Now before the Court is Defendant Eden Food’s opposed Motion
for Relief from Waiver of Discovery Objections related various discovery
requests made by Plaintiff Consumer Advocacy Group on July 29, 2022, comprised
of a Form Interrogatories – General, Set One, Special Interrogatories, Set One,
Requests for Production of Documents, Set One, and Requests for Admissions, Set
One.
A party that fails to timely respond to interrogatories,
requests for production, or requests for admission waives all objections to
these discovery requests. (Code Civ. Proc., §§ 2030.290, subd. (a), 2031.300, subd.
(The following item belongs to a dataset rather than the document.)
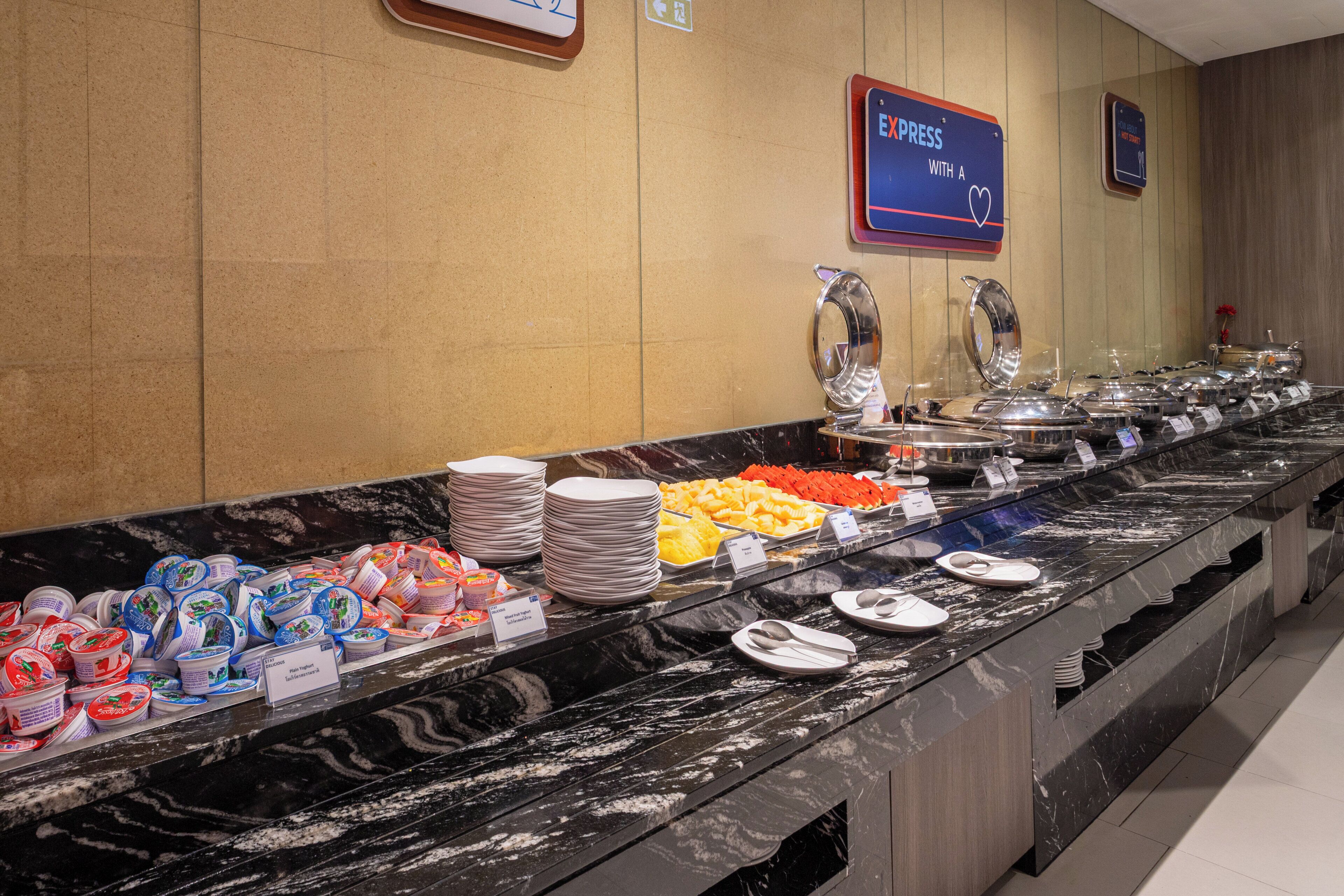 Um buffet com diversos alimentos e utensílios de servir.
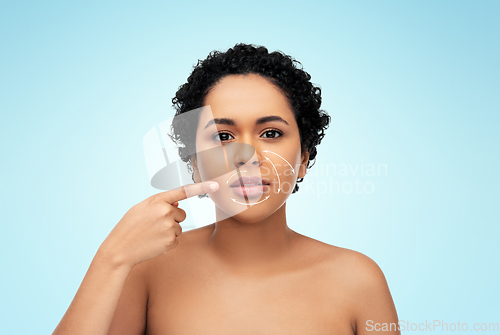 Image of young african american woman with arrows on face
(a), 2033.290, subd. (a).) The court, on motion, may relieve that party from its
waiver on the court’s determination that: (1) the party has subsequently served
a response that is in substantial compliance with the Discovery Act, and (2) the
party’s failure to serve a timely response was the result of mistake, inadvertence,
or excusable neglect. (Code Civ. Proc., §§ 2030.290, subds. (a)(1)-(2), 2031.300,
subds. (a)(1)-(2), 2033.290, subds. (a)(1)-(2).)
Defendant Eden Foods’ Motion requests waiver of discovery
objections related to discovery propounded by Plaintiff Consumer Advocacy Group
on July 29, 2022: Form Interrogatories – General, Set One, Special
Interrogatories, Set One, Requests for Production of Documents, Set One, and Requests
for Admissions, Set One. (Mot., 4:21-7:22.)
Eden Foods requests relief from waiver on the grounds that:
(1) Eden Foods served substantially code compliant discovery responses to all
four of Consumer Advocacy’s discovery requests on November 7, 2022 (Mot.,
4:20-5:9, Jones Decl., ¶ 8, Ex. D [discovery responses]); (2) Eden Foods’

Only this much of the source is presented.